Keyless Entry 1-Button Cutout

I found this online, a friend in F-body figured out how to wire the keyless entry to open both doors with 1 press of the button, not needing a second press. This is from a post, but I don't know from where any more.

"For those of you who dont door locks is when you hit the unlock button on the remote once to unlock the drivers door and then hit it again to unlock the passenger door. These instruction are on how to bypass it so that both doors unlock on the first press. The second press of the button will now be an extra channel giving you the abitlity to control other options such as remote start, window roll down, turn on radio, whatever you can think of that needs a pulse to activate."

1. Look under the glove box. You will see a black panel that covers everything above it. There are two clips right at the base of the glovebox that holds the front side of the panel up. Remove these to clips so that the panels hangs down giving you access to the wires above it. You will also have to remove the kick panel trim by the door. 4 screws hold it in along the bottom of the door.

2. Look for a green plug. There will be five wires in it. -Orange/Black stripe -Red/black stripe -Grey/Black stripe -Tan -Grey

3. Unplug the harness. The female side is the bigger side and is light (brighter) green. The male side is the smaller side and is dark green (blue-green). You will be working with the female side.

4. Cut the grey/black stripe wire on the female side. Give yourself about 2 inches if you can to work with.

5. You should now have a short length of wire going back into the female plug and the other side goes back into the wiring of the car. Splice the side going back into the plug with the Tan wire. Your passenger side door actuator (grey wire) is now getting a lock or unlock signal at the same time as the driver's side (tan wire).

6. The wire that goes back into your car is now your extra channel on your alarm. Its is a 12V pulse.

"Most remote starts and window modules need just a pulse to activate. This will give it to you now from the factory alarm. Installation of these components would be done just as if there were an aftermarket alarm except that you would hook the trigger wire to the grey/black wire that is left over. Since doing mine originally Ive found that some cars just have a green plug going directly into the BCM. Wires are the same color. You just need to verify which side is the output to the locks with a voltmeter."

remote entry harness behind passenger foot/door trim

wire with modification done

close up of wire


Texas Speed & Performance High Flow Airlid

Since the texture of the lid, that my beautiful girlfriend gave me for Christmas, was like that of some old lady's dried out labia, I had to sand it down. I sanded forever, and when I was done it was smooth. I applied the new Ram Air sticker (UGH! $30 even from, then mounted the unit to the car.

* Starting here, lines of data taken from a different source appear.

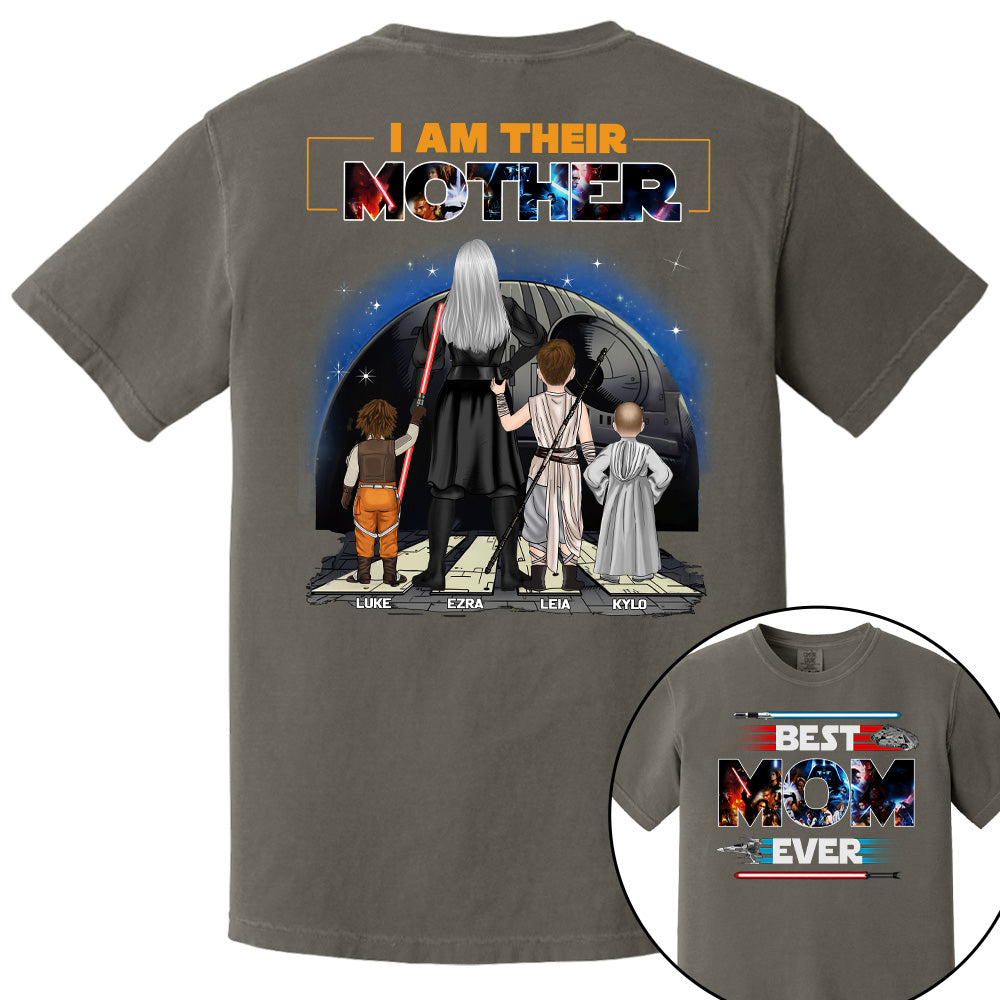 Best Mom Ever - I Am Their Mother Personalized Shirt For Mom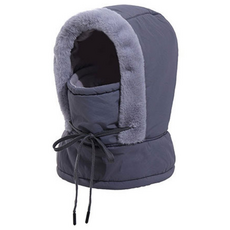 우블리스 겨울 방한 패딩 후드 넥워머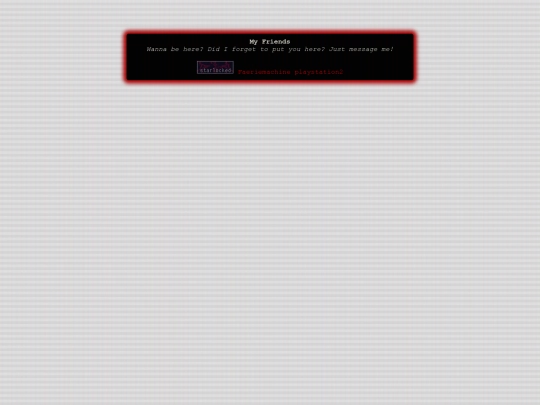 friends screenshot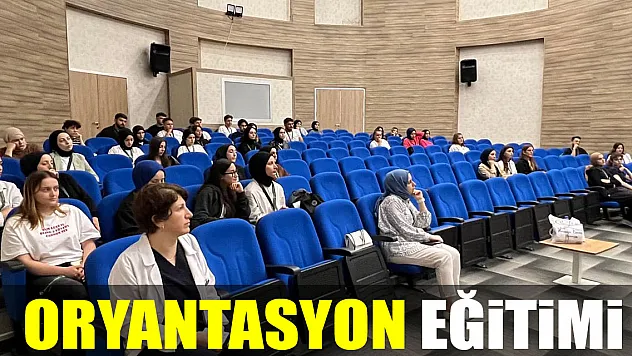 Öğrencilere Oryantasyon Eğitimi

The bellows was sort of smashed in then because there was less space behind the MAF once mounted to the airlid. The first time I ran the car, it idled low, and got very low after a throttle blip. I was worried. But after stopping the engine, the next day when I ran it, idle was normal again. I think the computer had to recalibrate some stuff after being disconnected for a long time.


New Brake Discs

Like all late model F-bodies, my brakes were shimmying me out of my seat.I replaced the discs with replacement discs from Advance Auto. It was so straight-forward I won't go into great detail. But I will say that the bolts that hold on the caliper bracket MUST be replaced per the service manual. You need 2 for each side. Surprisingly, Advance didn't have 4 of them on hand, so pick them up before starting the job. Use hardened 10.9 metric 12mm x 1.75 x 40mm long bolts (black anodized). The parts guy at the local Pontiac place said that thier techs just add threadlocker and re-use the bolts, but the service manual is pretty adament about replacing them. They cost like $1 each, so why not?

grade 10 bolt

caliper off wheel

back of bracket

bracket off hub

CG-Lock Seatbelt Enhancer

CG-Lock is a seatbelt enhancement device. It more snugly locks the seatbelt part over the hips and keeps the driver from wiggling around when autocrossing, performance driving, or off-roading. The shoulder part of the seatbelt stays at regular tension. It is not a safety enhancement! But it does provide the benefits of a full harness without the installation, mess, and complexity!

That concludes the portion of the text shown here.